Copy nothing but the lines below running from the line containing "Arbol leva Fiesta 1 pin 1.6 Gran Shaft" through the line containing "China Union Jack Flag T Shirt", both end lines included.

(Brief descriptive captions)
========================================

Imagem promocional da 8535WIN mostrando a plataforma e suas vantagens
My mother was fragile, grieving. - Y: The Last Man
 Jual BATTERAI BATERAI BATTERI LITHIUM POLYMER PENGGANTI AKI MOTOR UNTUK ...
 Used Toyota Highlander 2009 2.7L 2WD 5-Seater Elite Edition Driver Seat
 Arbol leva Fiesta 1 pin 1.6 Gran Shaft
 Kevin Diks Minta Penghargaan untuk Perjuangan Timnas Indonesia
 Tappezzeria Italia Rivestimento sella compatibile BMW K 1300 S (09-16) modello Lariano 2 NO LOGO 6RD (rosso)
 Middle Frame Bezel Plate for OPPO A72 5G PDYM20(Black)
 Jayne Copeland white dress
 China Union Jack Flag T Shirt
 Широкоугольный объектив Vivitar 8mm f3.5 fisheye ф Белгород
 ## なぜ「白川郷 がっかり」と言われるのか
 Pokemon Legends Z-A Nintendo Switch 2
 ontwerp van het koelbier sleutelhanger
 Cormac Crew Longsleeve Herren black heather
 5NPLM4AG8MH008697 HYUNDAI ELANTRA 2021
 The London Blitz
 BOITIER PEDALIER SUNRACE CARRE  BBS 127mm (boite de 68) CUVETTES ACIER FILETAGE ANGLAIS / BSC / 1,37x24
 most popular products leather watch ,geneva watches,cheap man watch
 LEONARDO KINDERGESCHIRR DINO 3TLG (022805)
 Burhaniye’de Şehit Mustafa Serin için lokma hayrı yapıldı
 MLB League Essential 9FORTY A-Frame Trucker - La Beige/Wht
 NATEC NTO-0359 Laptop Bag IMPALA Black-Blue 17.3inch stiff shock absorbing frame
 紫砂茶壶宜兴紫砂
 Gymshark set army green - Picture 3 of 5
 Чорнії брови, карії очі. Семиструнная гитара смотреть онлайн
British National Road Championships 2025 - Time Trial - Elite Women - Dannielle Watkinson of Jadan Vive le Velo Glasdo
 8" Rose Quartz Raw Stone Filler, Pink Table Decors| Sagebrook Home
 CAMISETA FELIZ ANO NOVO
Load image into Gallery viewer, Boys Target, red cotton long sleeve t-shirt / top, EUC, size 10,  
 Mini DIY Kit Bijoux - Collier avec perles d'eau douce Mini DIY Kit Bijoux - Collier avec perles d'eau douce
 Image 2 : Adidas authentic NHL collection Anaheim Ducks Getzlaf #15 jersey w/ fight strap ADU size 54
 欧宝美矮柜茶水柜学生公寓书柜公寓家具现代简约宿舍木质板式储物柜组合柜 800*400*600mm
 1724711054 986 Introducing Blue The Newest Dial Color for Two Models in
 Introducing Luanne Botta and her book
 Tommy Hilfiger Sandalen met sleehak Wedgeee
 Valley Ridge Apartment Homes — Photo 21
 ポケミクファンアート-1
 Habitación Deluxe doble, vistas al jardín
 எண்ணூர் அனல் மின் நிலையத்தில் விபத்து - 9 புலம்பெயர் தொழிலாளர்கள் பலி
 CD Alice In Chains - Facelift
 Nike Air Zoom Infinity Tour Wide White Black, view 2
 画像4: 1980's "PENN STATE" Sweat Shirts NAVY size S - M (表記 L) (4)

========================================

• [THE ANSWER]
 Arbol leva Fiesta 1 pin 1.6 Gran Shaft
 Kevin Diks Minta Penghargaan untuk Perjuangan Timnas Indonesia
 Tappezzeria Italia Rivestimento sella compatibile BMW K 1300 S (09-16) modello Lariano 2 NO LOGO 6RD (rosso)
 Middle Frame Bezel Plate for OPPO A72 5G PDYM20(Black)
 Jayne Copeland white dress
 China Union Jack Flag T Shirt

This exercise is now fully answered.